Micha Gaillard: Nein. Es geht ja den Amerikanern nicht einfach darum, General Cédras und einige weitere seiner Kumpane loszuwerden, sondern darum, die Situation in Haiti zu kontrollieren. Und deshalb wird eine Intervention in Haiti sich nicht einfach in der Eroberung des militärischen Hauptquartiers und in der Kontrolle der Kasernen erschöpfen. Es wird Zerstörung und Tote geben. Letztlich wird eine Interventionstruppe zur repressiven Kraft auch gegen die Teile der Bevölkerung werden, die auf Aristide gesetzt haben, um in diesem Land endlich mal wirklich etwas zu verändern. Nein, ich bin gegen eine Intervention. Aber ich gebe zu, daß die Massen, die Aristide gewählt haben, eine Intervention herbeisehnen. Sie werden den US-Soldaten applaudieren.

Wie wollen Sie denn die Militärs dazu bringen, ihr Versprechen, das sie auf Governor's Island gaben, auch einzuhalten?

Wir brauchen nicht, wie Butros Butros Ghali in seiner Empfehlung an den Sicherheitsrat vom 15. Juli meint, 15.000 Soldaten, die in einer ersten Phase das Land faktisch besetzen, um dann in einer zweiten Phase das umzusetzen, was im Pakt von Governor's Island vom Juli 1993, der den Rücktritt von Cédras, eine Amnestie für die Militärs und die Rückkehr Aristides vorsah, ausgehandelt wurde: vor allem die Professionalisierung der Armee, die Schaffung einer neuen Polizei und die Durchführung der anstehenden Wahlen. Nein, wir brauchen nicht 15.000 GIs, sondern 1.200 Blauhelme, die ihr militärische, technische, administrative und wirtschaftliche Beratung und Hilfe bieten. Streichen wir also die ersten Phase und verwirklichen die zweite!

In Haiti selbst scheint aber niemand in der Lage zu sein, die Militärs zum Rücktritt zu zwingen, was ja wohl Voraussetzung zur Umsetzung dieser zweiten Phase wäre.

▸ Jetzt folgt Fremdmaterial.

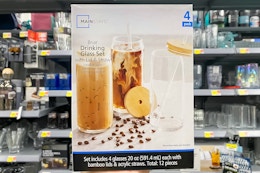 Only at Walmart: Bestselling $8 Glass Tumbler 4-Pack (Will Sell Out) card image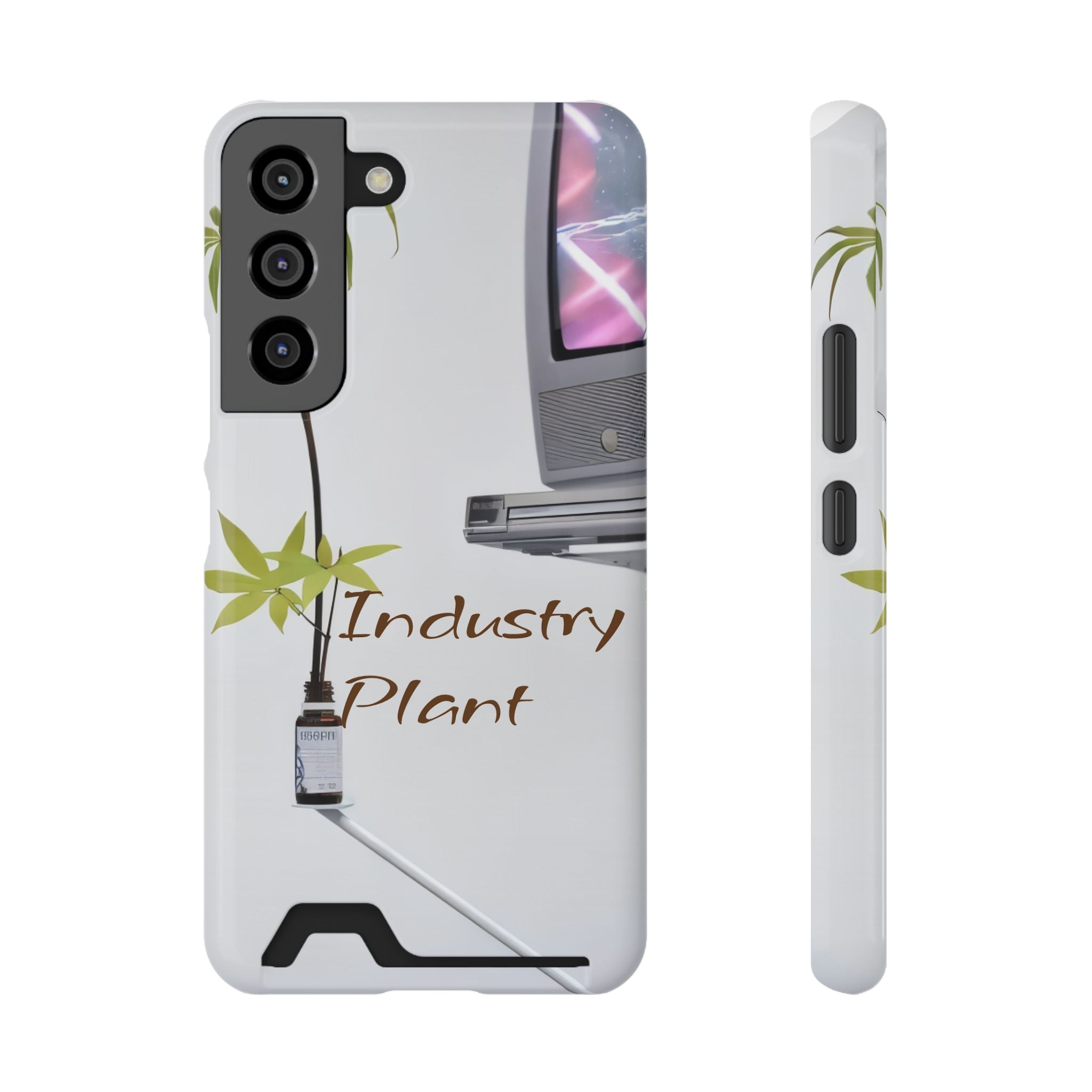 WEED TV Stylish Phone Case with Card Holder by Industry Plant @AutoPaybump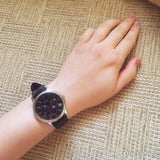 Guess Wafer Analog Black Dial Black Leather Strap Watch For Men - W70016G1 Buy Now By Guess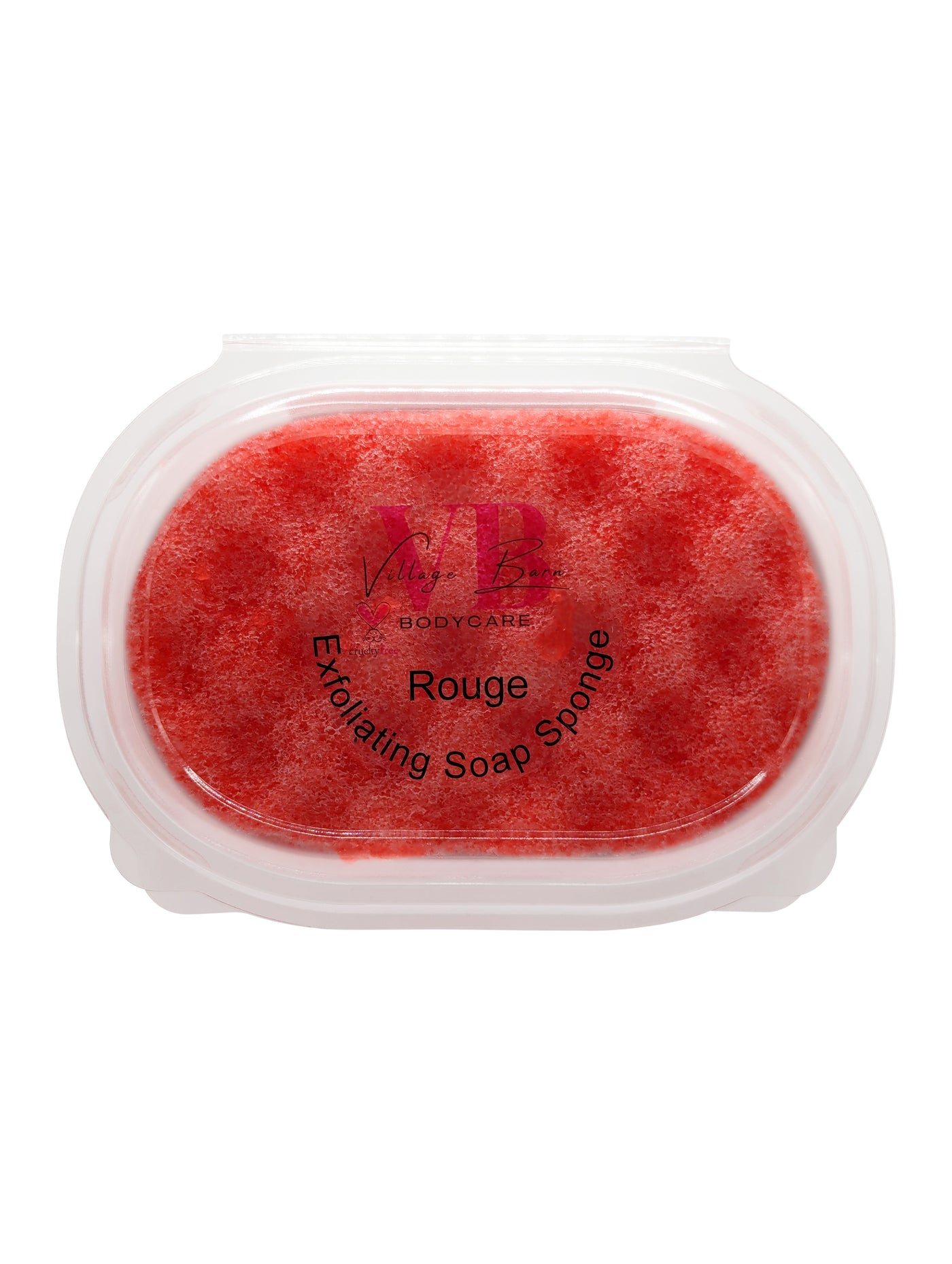 Rouge soap sponge - Villagebarnmelts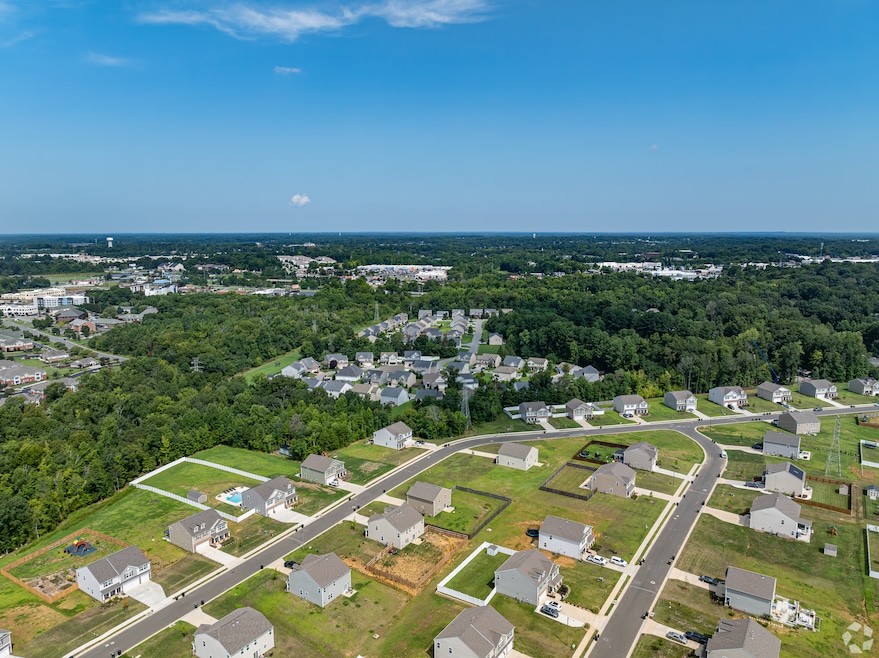 A suburban-style development in south Burlington, North Carolina, where Stanley Martin Homes is growing its footprint. (Andrew Smith/CoStar)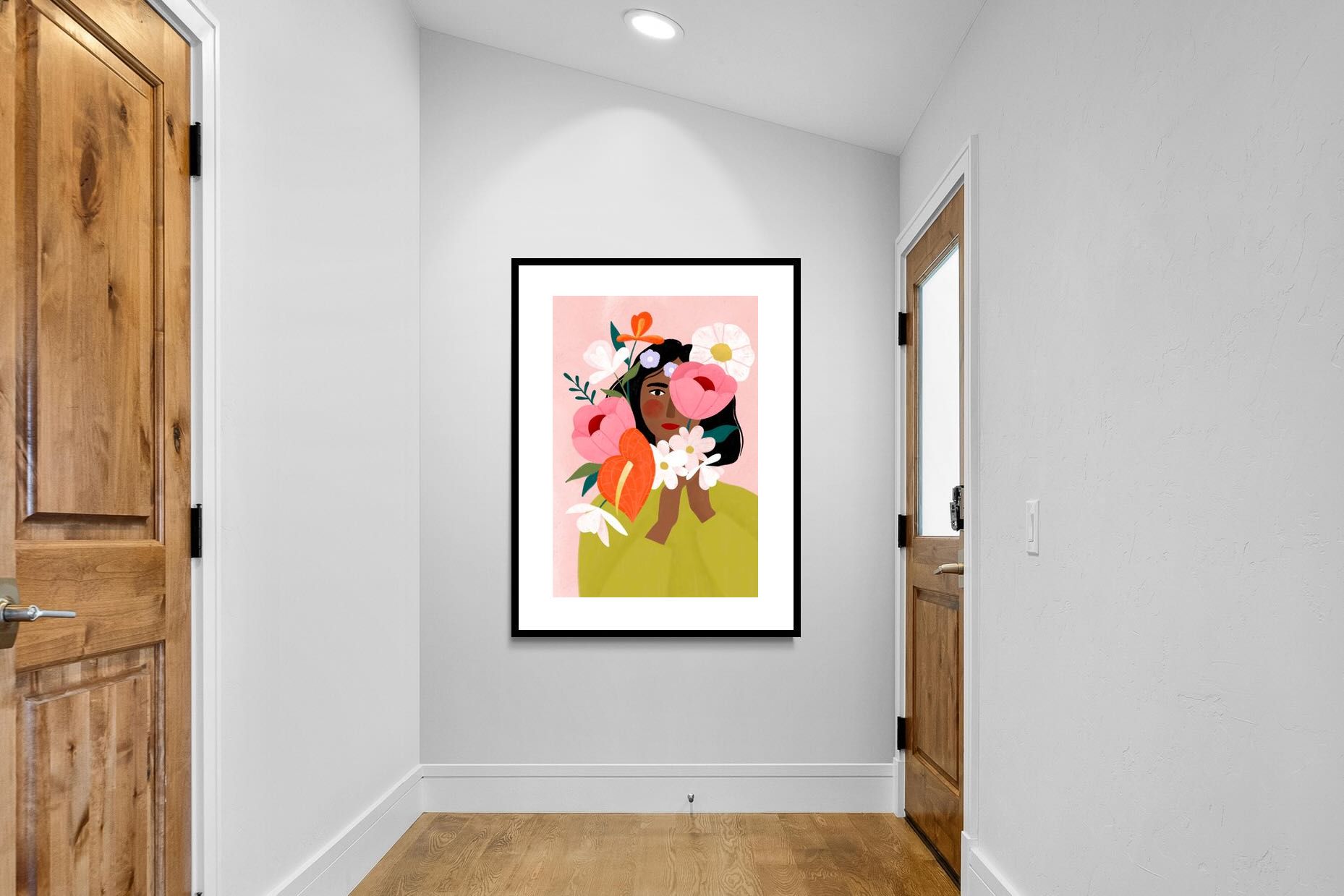 Pixalot ® Woman with Vibrant Flowers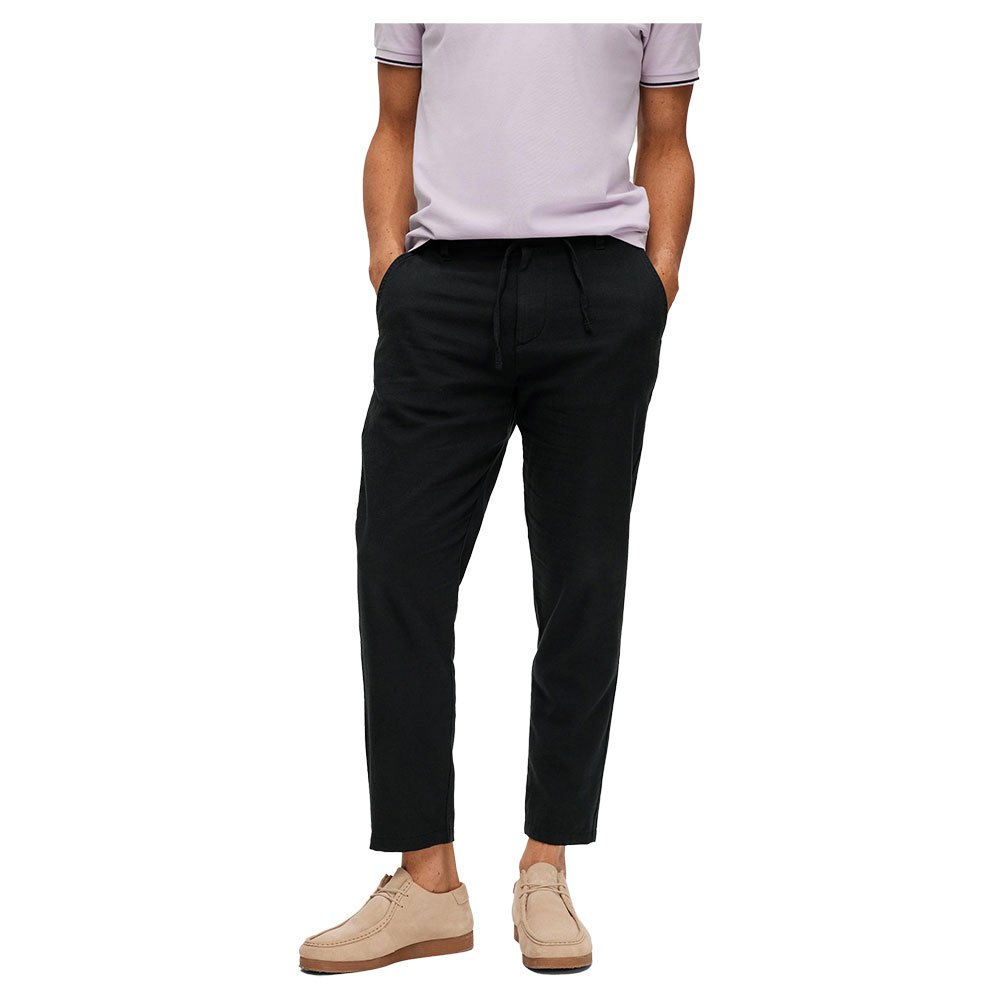 selected 172 brody slim tapered fit chino pants noir s homme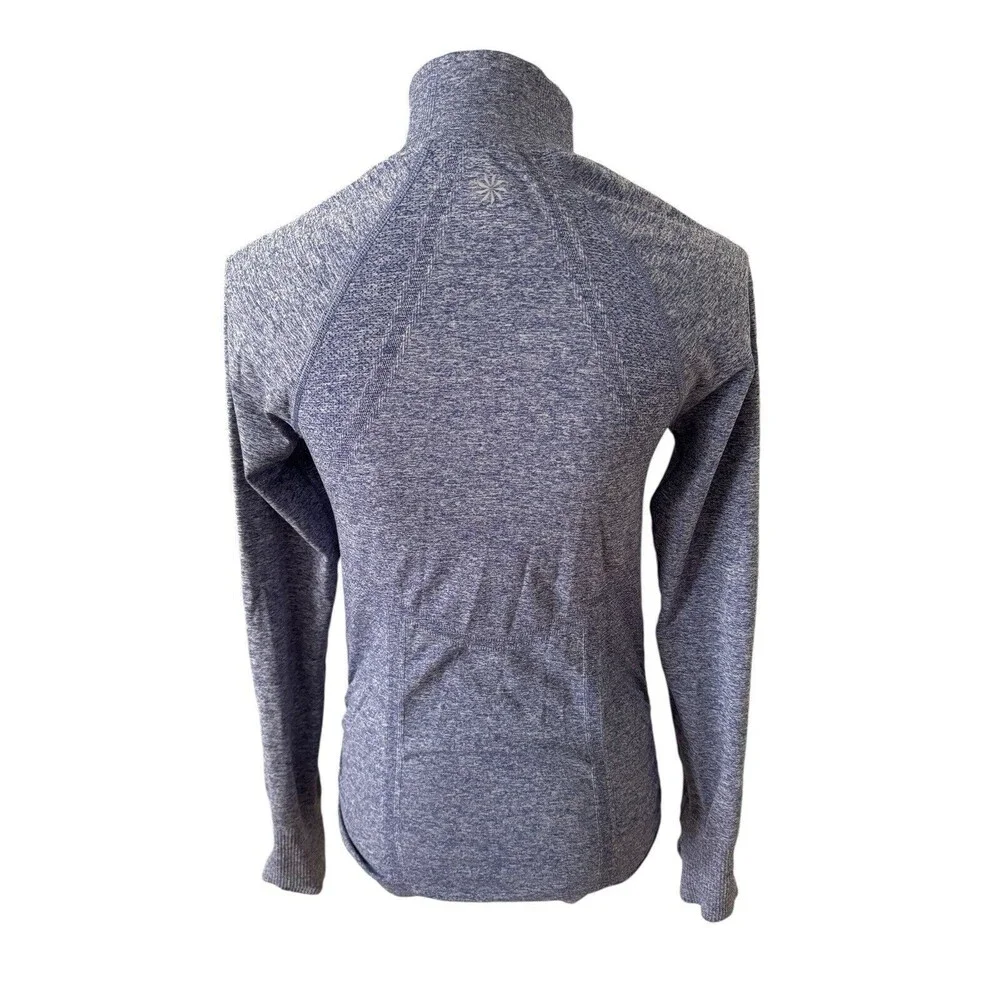 Athleta Fastest Track 1/2 Zip‎ Blue Running Jacket Size Small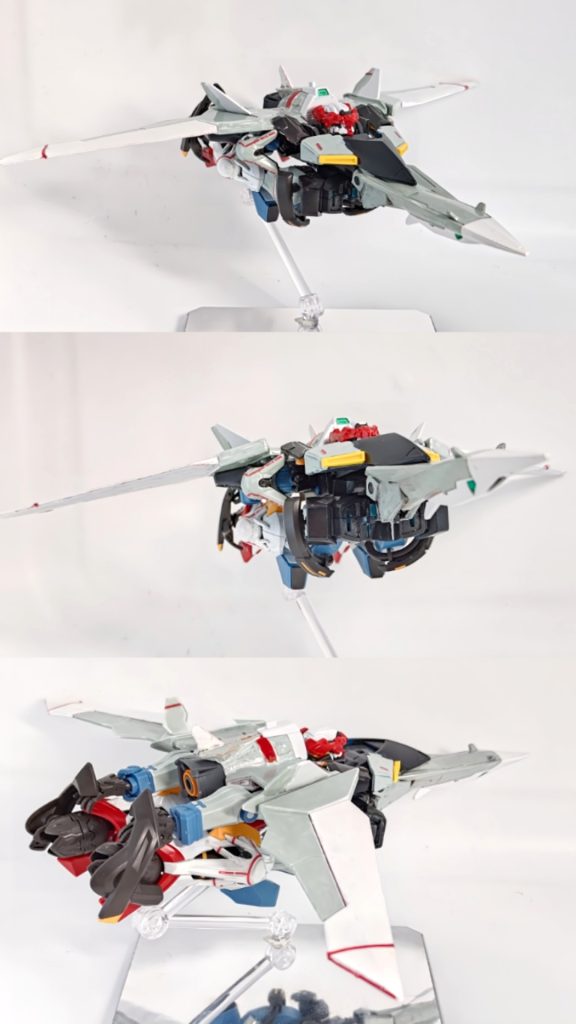 今回はガンプラのパーツとプラ板・ポリキャップ類しか使っていませんが、かなり戦闘機らしくまとまっているのではないでしょうか。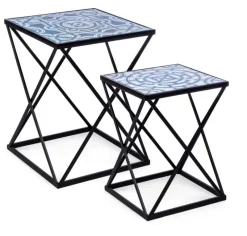 Hot Bizzotto SET2 TAVOLINI IN METALLO - NEAPOLIS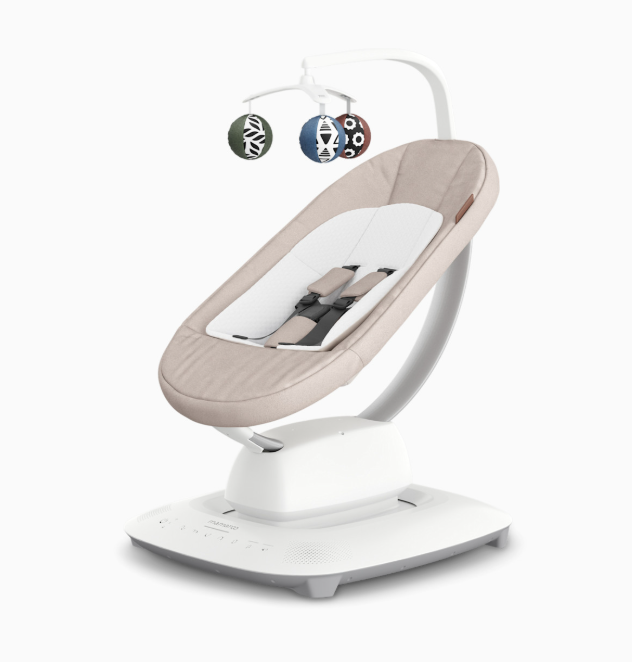 UPPAbaby Mamaroo Smart Swing, Charlie (Sand Melange)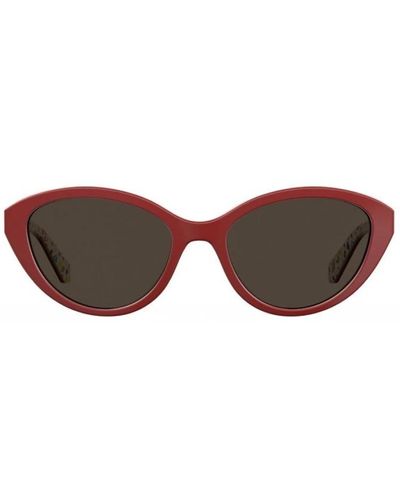 Love Moschino Ovale sonnenbrille für frauen - Braun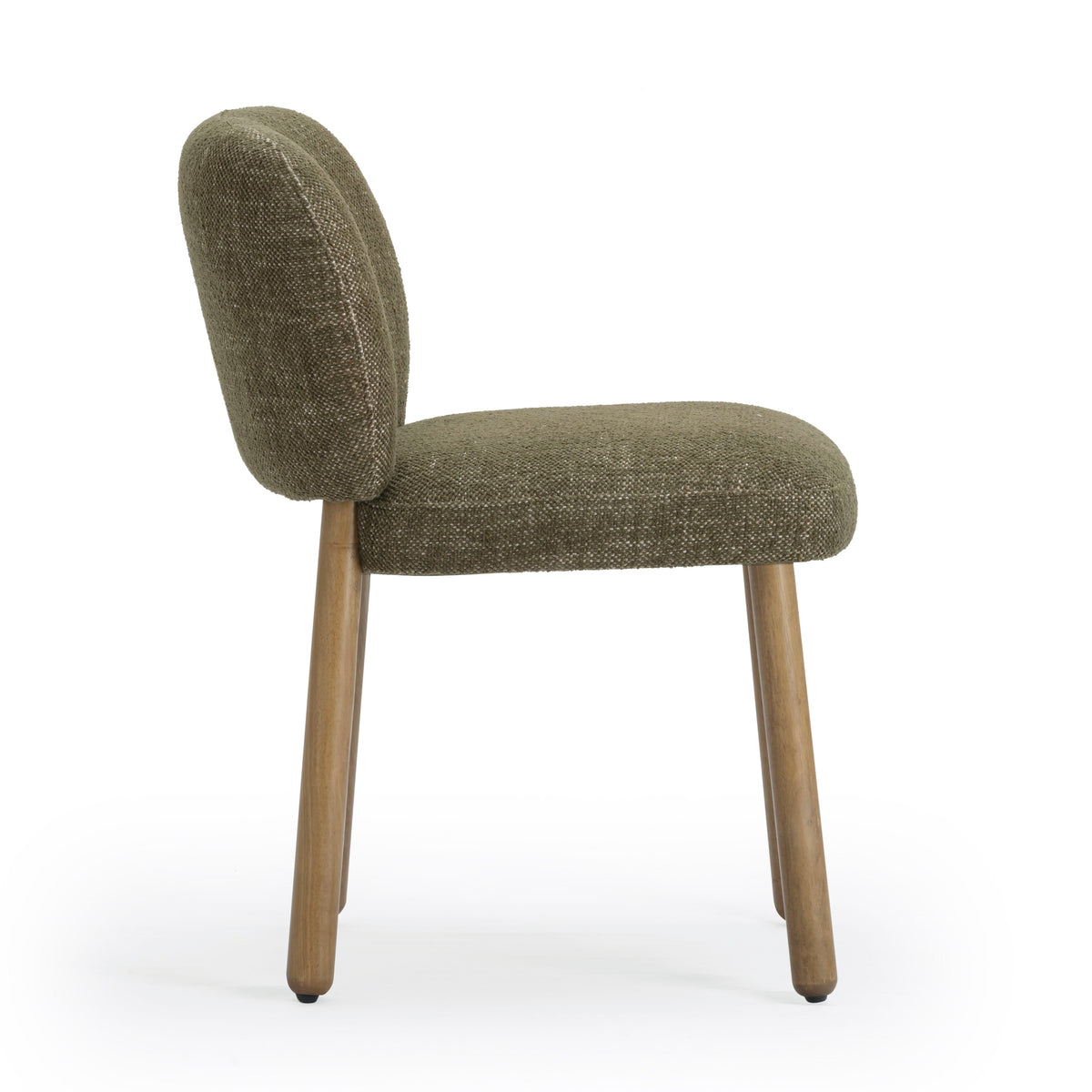 Foxy Olive Green Performance Textured Fabric Dining Chair by TOV Furniture – photo 4 of 7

Die verschiedenen Sektoren der Gesellschaft müssen General Cédras klar signalisieren: „Sie haben den Pakt von Governor's Island unterschrieben. Also treten Sie zurück!“ Aus den USA müssen diese gleichen Signale ausgehen: Die Intervention kann vermieden werden, wenn General Cédras zurücktritt. Wenn er bleibt, wird er für die Intervention verantwortlich sein, und es wird eine Katastrophe werden.

Worauf gründet Ihr Optimismus in dessen Einsicht?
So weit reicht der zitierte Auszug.